Castles that have vanished or whose remains are barely visible are not listed, except for some important or well-known buildings and sites.
In other respects it is difficult to identify clear and consistent boundaries between two sets of buildings, comprising those that indisputably belong in a list of castles and those that do not.
[7] Castles continued to be built in England for several hundred years, reaching a peak of military sophistication in the late 13th century.
[10] In the far north of England, where conditions remained unsettled, fortified buildings continued to be built as late as the 16th century, not only by the rich and powerful but by any with adequate means, as defence not against great armies, but against the notorious Border Reivers.
Typically, a castle was the residence of a feudal lord, providing the owner with a secure base from which to control his lands,[12] and also a symbol of wealth and power.
Earlier fortified structures, such as the Saxon burh or the Iron Age hillfort, provided public or communal defences,[13] as did medieval town or city walls.
By the 16th century the role of fortifications had changed once more with the development of artillery capable of breaching even thick stone walls.
In the reign of Henry VIII, fears of invasion[14] led to the building of a series of new fortresses along the south coast of England,[15] known as the Device Forts or Henrician Castles.
These were designed to use and to defend against artillery, and since they were not private residences, but national fortifications, they do not possess what architectural historians have come to see as the defining characteristics of a castle.
[16] Nonetheless, they are visibly castle-like, being compact, with battlemented walls, squat turrets and sometimes a keep; and they were the last generation of fortresses in England to be known as castles, long before architectural historians began to argue that they should not be.
[17] One of them, Pendennis Castle, was one of the last Royalist strongholds to fall to the Parliamentarians during the English Civil War—starvation forcing surrender after a siege of five months.
Once fortifications had become altogether redundant, it became increasingly rare in England for new buildings to be described as castles, in contrast to France, where country houses continued to be known as châteaux.
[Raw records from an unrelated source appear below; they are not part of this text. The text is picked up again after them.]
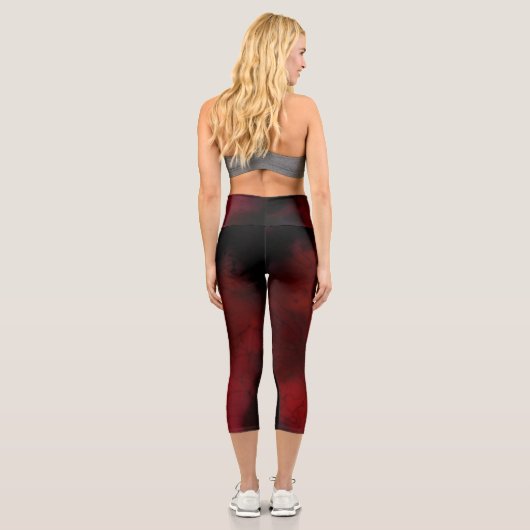 TSDS: Chaos Magic Capri Leggings (Rückseite)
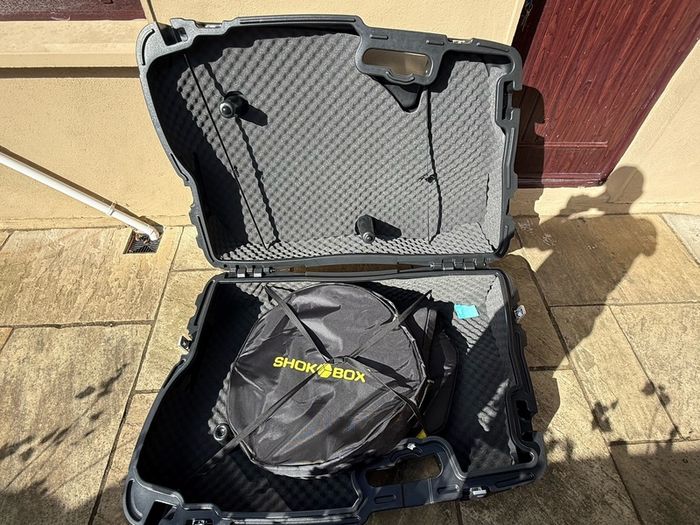 Shokbox pro bike box (Used Twice)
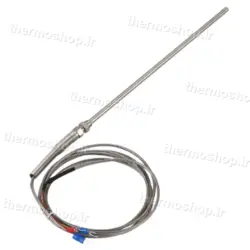 سنسور دما ترموکوپل با غلاف فلکسی بل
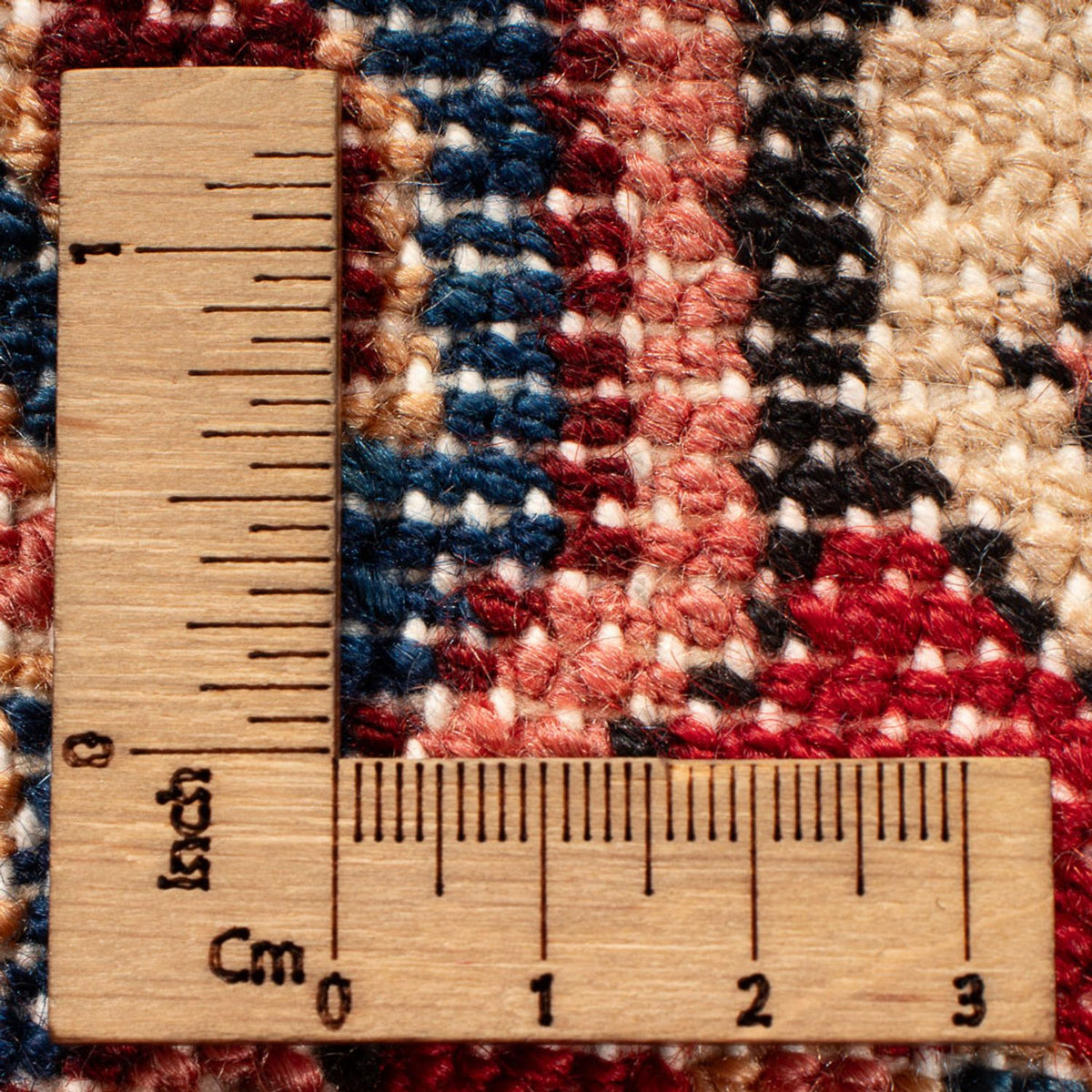 Persisk matta - Nomadic - 273 x 153 cm - mörkblå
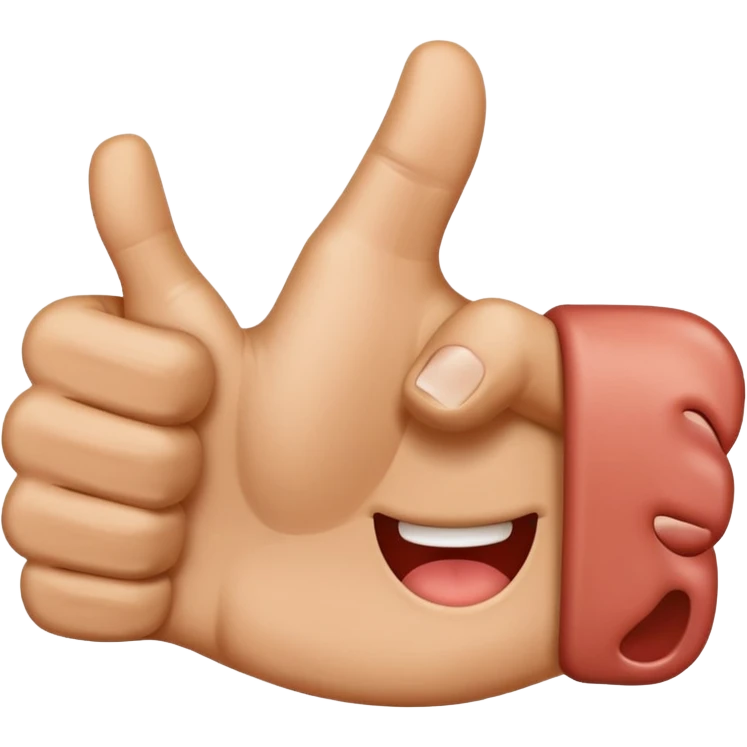 thumbs up emoji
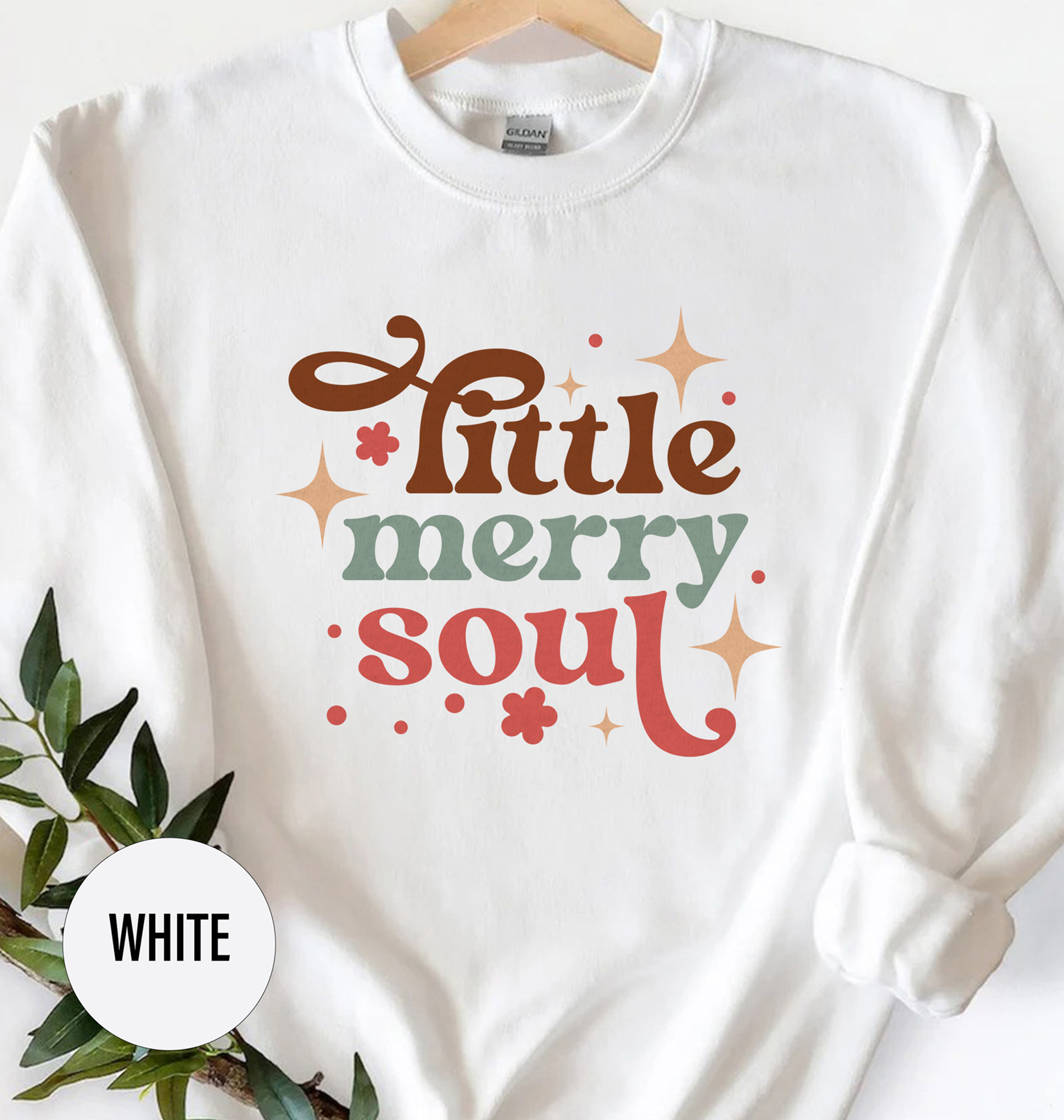 Little Marry Soul Festive Christmas Tee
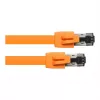 GoodConnections RNS® Cable de red Cat.8.1 S/FTP, LSZH, 2000MHz, 40Gbit/s, naranja, 1,5m
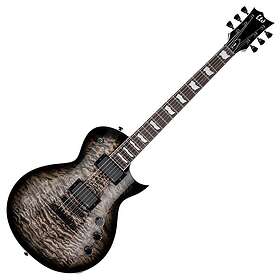 ESP EC-400 QM See Thru Black Sunburst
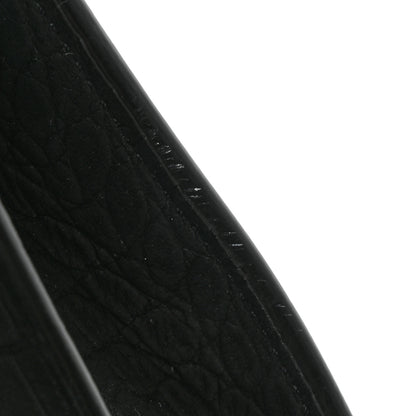 Saint Laurent Crocodile Embossed Suede Small Supple Sac de Jour Black 14 of 18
Once no longer needed as fortresses, castles – if they were not abandoned – were, over the centuries, adapted and modernised to make them more suitable for continued use as residences:[20] large windows were inserted in defensive walls, as at Lumley; outer walls were demolished or lowered to open up views from within, as at Raby; new residential ranges were built to improve and extend accommodation, as at Windsor.
Some castles were restored after falling into ruin, like Bamburgh;[21] others, like Belvoir, were demolished and rebuilt, retaining little or none of the original structure.
Some of the pele towers of Northern England are included, but the more modest fortified buildings known as bastles are not, though the distinction between them is not always altogether clear.
However carefully the criteria for including a building or site on this list are set out, borderline cases are inevitable.